Lukes gives examples drawing on what Bernard Harcourt has called ‘the illusion of free markets’ – the notion that markets are natural and state intervention or regulation is unnatural, that markets are inherently efficient and left to their own devices will achieve equilibrium. This has the effect of shielding from criticism the distributions of wealth that occur through the market and masks the role of the state and its regulatory and legal framework that is behind every supposedly free market transaction. So through these means you can have the example of unemployed followers of the literature and ideology of the US Tea Party who, though dependent on social security themselves, call for the end of government and spending and welfare so as to boost the economy.

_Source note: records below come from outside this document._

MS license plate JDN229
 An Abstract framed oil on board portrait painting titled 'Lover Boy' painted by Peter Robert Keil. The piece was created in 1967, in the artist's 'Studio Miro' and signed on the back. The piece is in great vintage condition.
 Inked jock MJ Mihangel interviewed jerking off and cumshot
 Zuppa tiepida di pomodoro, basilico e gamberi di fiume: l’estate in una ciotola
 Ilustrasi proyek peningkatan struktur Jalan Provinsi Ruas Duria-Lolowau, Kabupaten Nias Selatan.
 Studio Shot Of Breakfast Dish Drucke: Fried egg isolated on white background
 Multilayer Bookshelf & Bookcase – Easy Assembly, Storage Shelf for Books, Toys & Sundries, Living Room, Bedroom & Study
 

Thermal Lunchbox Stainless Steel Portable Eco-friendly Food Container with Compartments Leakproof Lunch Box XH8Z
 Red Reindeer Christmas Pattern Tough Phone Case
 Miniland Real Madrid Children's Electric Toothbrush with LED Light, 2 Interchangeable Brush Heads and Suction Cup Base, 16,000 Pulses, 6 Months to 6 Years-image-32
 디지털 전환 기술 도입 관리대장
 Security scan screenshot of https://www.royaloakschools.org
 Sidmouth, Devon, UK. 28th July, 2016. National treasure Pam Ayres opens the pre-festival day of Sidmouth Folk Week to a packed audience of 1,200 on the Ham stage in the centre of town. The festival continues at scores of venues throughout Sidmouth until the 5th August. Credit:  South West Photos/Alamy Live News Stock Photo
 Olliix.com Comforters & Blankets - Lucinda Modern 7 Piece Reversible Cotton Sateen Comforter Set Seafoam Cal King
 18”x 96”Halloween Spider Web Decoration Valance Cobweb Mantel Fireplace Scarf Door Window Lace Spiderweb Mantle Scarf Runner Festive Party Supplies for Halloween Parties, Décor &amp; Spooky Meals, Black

Claims like these are depend on the truth of the assumptions behind them. It is possible to attempt to separate out ignorance of facts about the social world, from theoretical disagreement about how to explain it, and we can do this without making arrogant claims about our possession of the truth. If we make judgments about others, we must be able to adequately justify them, and the same goes for judgments we make about ourselves. To quote Lukes ‘To judge well –to assess rightly what policies or programs are in one’s interest –one needs, first, to have an adequate understanding of the status quo; second, to have a convincing view of what is (counterfactually) feasible; and, third, to judge whether the costs of transition to what might be a better situation are worth paying. Here too the recognition of these sources of fallibility involves neither an arrogant claim to privileged access to truth nor the claim that there is nothing for such judgments to be mistaken about.’